Download or read book China Condensed written by Siew Chey Ong and published by Marshall Cavendish. This book was released on 2005 with total page 234 pages. Available in PDF, EPUB and Kindle. Book excerpt:

Book China and the End of Global Silver  1873   1937

Download or read book China and the End of Global Silver 1873 1937 written by Austin Dean and published by Cornell University Press. This book was released on 2020-11-15 with total page 171 pages. Available in PDF, EPUB and Kindle. Book excerpt: In the late nineteenth century, as much of the world adopted some variant of the gold standard, China remained the most populous country still using silver. Yet China had no unified national currency; there was not one monetary standard but many. Silver coins circulated alongside chunks of silver and every transaction became an "encounter of wits." China and the End of Global Silver, 1873–1937 focuses on how officials, policy makers, bankers, merchants, academics, and journalists in China and around the world answered a simple question: how should China change its monetary system? Far from a narrow, technical issue, Chinese monetary reform is a dramatic story full of political revolutions, economic depressions, chance, and contingency.
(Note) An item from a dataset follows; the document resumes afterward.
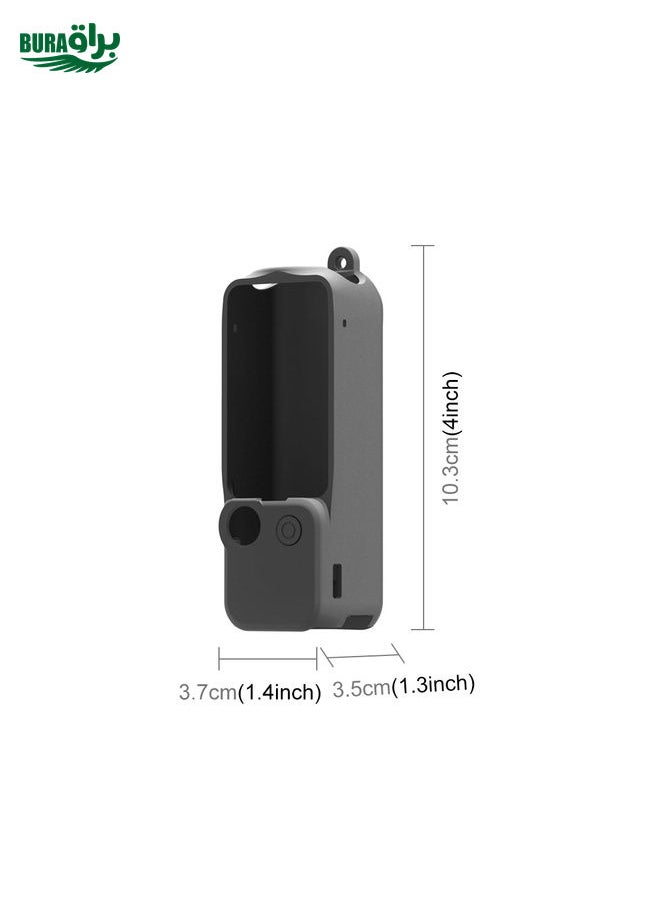 BURAQ For DJI OSMO Pocket 3 PULUZ  3 in 1 Silicone Cover Case Set (Black)  - Image 2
As different governments in China attempted to create a unified monetary standard in the late nineteenth and early twentieth century, the United States, England, and Japan tried to shape the direction of Chinese monetary reform for their own benefit. Austin Dean argues convincingly that the Silver Era in world history ended owing to the interaction of imperial competition in East Asia and the state-building projects of different governments in China. When the Nationalist government of China went off the silver standard in 1935, it marked a key moment not just in Chinese history but in world history.

Book Spymaster

    Book Details:
  • Author : Frederic Wakeman
  • Publisher : Univ of California Press
  • Release : 2003-06-03
  • ISBN : 0520234073
  • Pages : 672 pages

Download or read book Spymaster written by Frederic Wakeman and published by Univ of California Press. This book was released on 2003-06-03 with total page 672 pages. Available in PDF, EPUB and Kindle. Book excerpt: Wakeman's authoritative biography of the ruthlessly powerful man who led the Chinese Secret Service during the violent and tumultuous period after the fall of the Imperial system.